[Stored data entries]
-=-=-

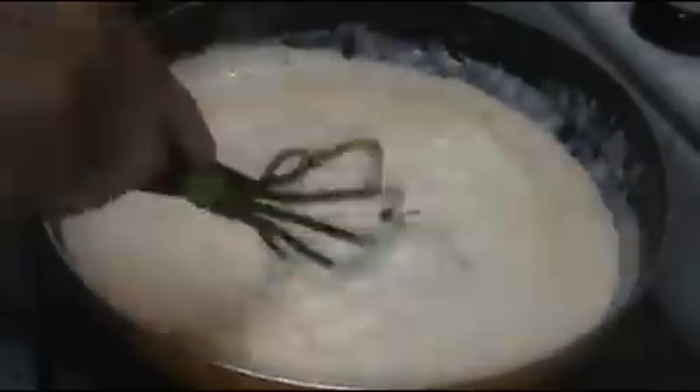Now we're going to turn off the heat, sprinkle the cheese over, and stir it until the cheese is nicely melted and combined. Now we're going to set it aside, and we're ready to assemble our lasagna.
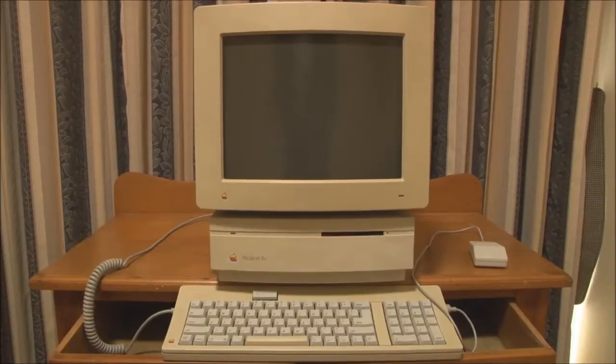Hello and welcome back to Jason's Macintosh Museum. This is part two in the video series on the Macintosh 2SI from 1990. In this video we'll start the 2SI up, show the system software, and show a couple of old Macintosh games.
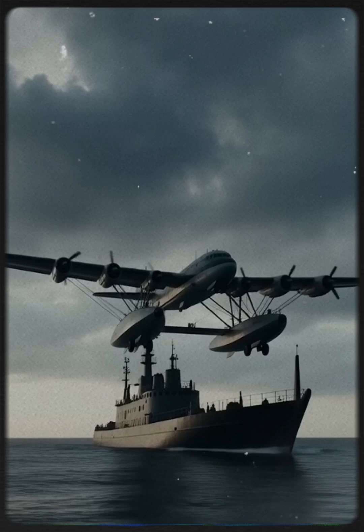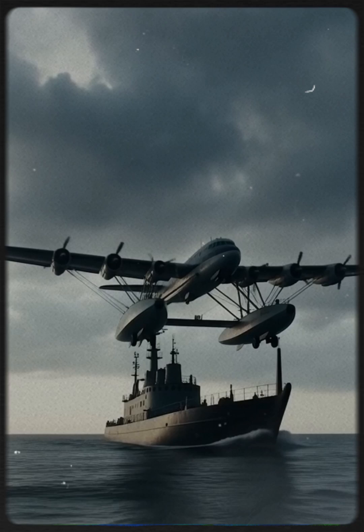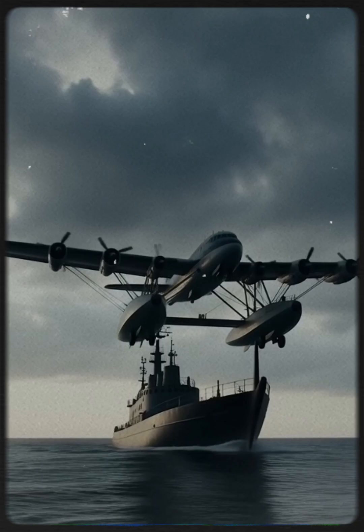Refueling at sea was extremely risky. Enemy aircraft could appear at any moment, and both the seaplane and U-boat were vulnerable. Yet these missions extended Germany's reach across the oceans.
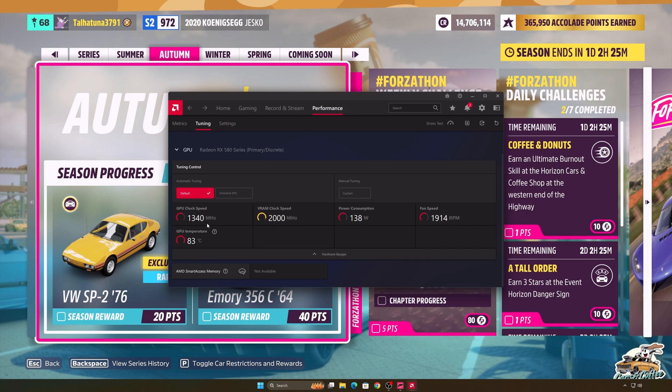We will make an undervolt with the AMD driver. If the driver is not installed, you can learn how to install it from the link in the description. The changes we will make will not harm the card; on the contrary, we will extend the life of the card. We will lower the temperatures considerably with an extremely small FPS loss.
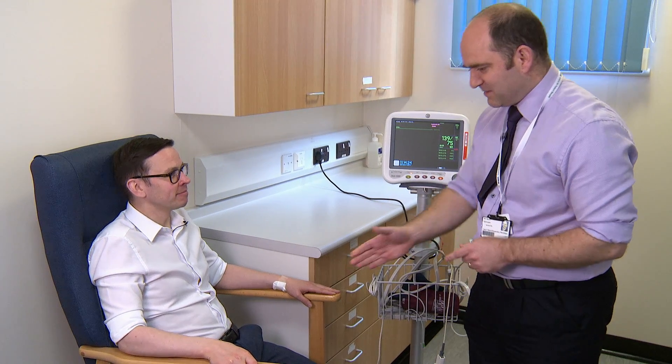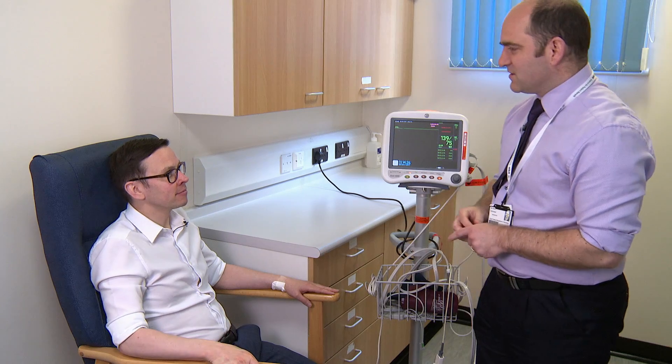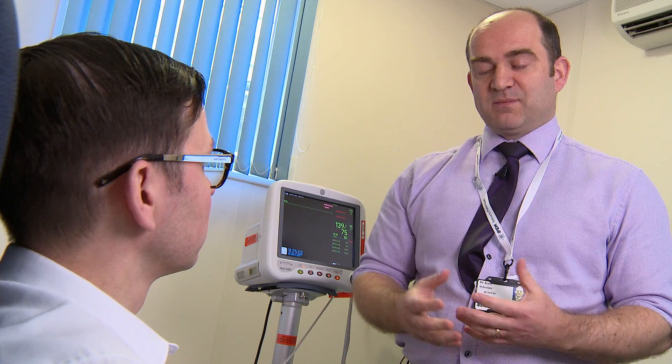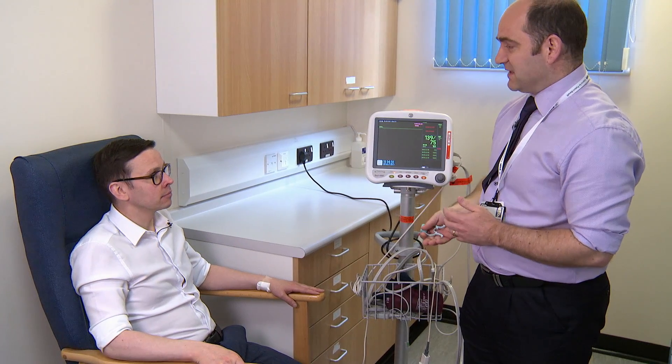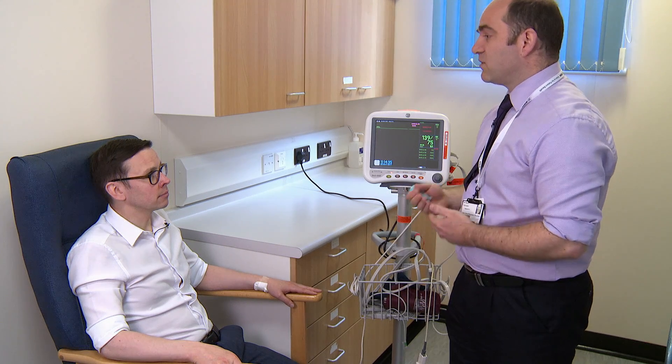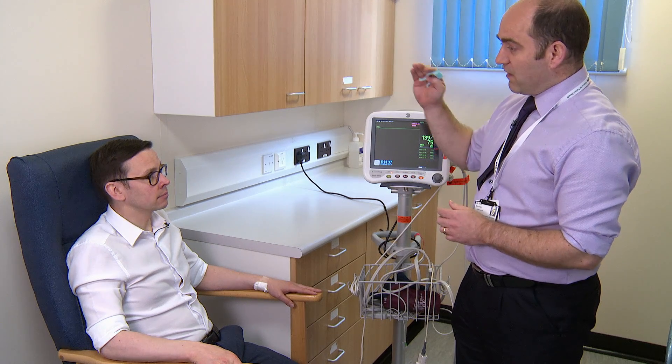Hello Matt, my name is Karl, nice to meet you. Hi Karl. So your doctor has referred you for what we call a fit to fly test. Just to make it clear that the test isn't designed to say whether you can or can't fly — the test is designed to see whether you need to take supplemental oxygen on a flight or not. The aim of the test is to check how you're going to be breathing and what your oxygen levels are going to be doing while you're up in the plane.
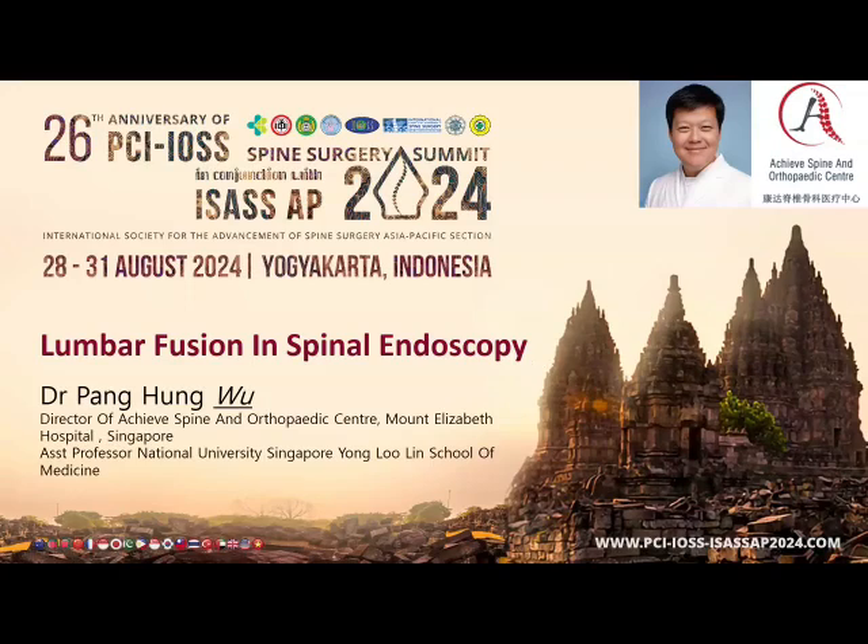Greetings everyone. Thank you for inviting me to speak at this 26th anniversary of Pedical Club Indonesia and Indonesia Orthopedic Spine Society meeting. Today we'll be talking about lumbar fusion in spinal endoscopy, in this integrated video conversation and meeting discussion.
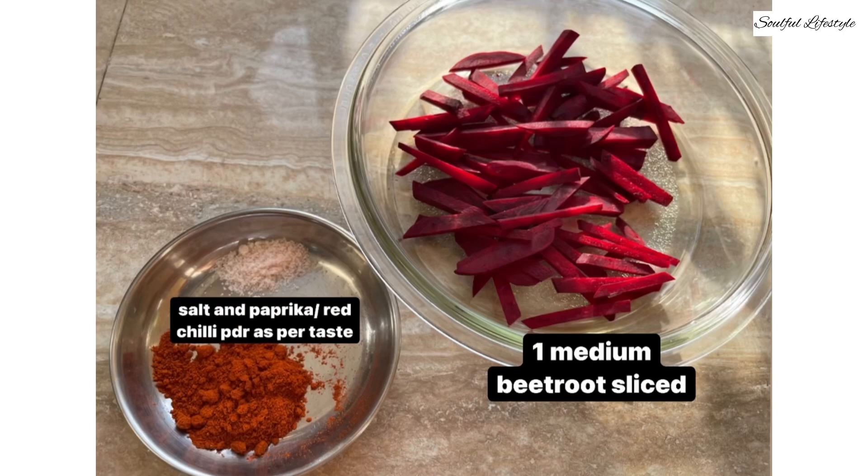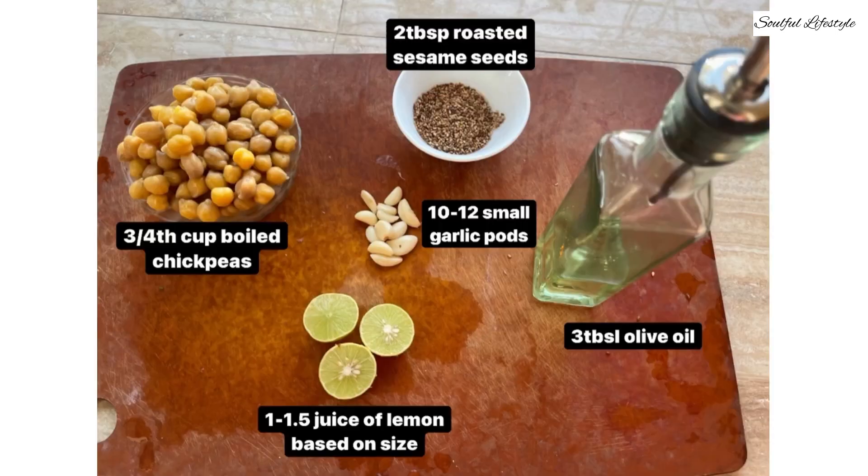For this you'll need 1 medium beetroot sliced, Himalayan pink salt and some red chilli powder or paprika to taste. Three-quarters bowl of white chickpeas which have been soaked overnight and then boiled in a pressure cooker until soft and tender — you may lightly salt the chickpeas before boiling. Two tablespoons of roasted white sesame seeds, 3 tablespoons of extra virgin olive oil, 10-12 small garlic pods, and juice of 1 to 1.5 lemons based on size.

-=-=-

YOUR INSTRUCTIONS: All the records need to be printed again exactly as written, though without their pictures.

RESULT OF THIS TASK:
Now we're going to turn off the heat, sprinkle the cheese over, and stir it until the cheese is nicely melted and combined. Now we're going to set it aside, and we're ready to assemble our lasagna.
Hello and welcome back to Jason's Macintosh Museum. This is part two in the video series on the Macintosh 2SI from 1990. In this video we'll start the 2SI up, show the system software, and show a couple of old Macintosh games.
Refueling at sea was extremely risky. Enemy aircraft could appear at any moment, and both the seaplane and U-boat were vulnerable. Yet these missions extended Germany's reach across the oceans.
We will make an undervolt with the AMD driver. If the driver is not installed, you can learn how to install it from the link in the description. The changes we will make will not harm the card; on the contrary, we will extend the life of the card. We will lower the temperatures considerably with an extremely small FPS loss.
Hello Matt, my name is Karl, nice to meet you. Hi Karl. So your doctor has referred you for what we call a fit to fly test. Just to make it clear that the test isn't designed to say whether you can or can't fly — the test is designed to see whether you need to take supplemental oxygen on a flight or not. The aim of the test is to check how you're going to be breathing and what your oxygen levels are going to be doing while you're up in the plane.
Greetings everyone. Thank you for inviting me to speak at this 26th anniversary of Pedical Club Indonesia and Indonesia Orthopedic Spine Society meeting. Today we'll be talking about lumbar fusion in spinal endoscopy, in this integrated video conversation and meeting discussion.
For this you'll need 1 medium beetroot sliced, Himalayan pink salt and some red chilli powder or paprika to taste. Three-quarters bowl of white chickpeas which have been soaked overnight and then boiled in a pressure cooker until soft and tender — you may lightly salt the chickpeas before boiling. Two tablespoons of roasted white sesame seeds, 3 tablespoons of extra virgin olive oil, 10-12 small garlic pods, and juice of 1 to 1.5 lemons based on size.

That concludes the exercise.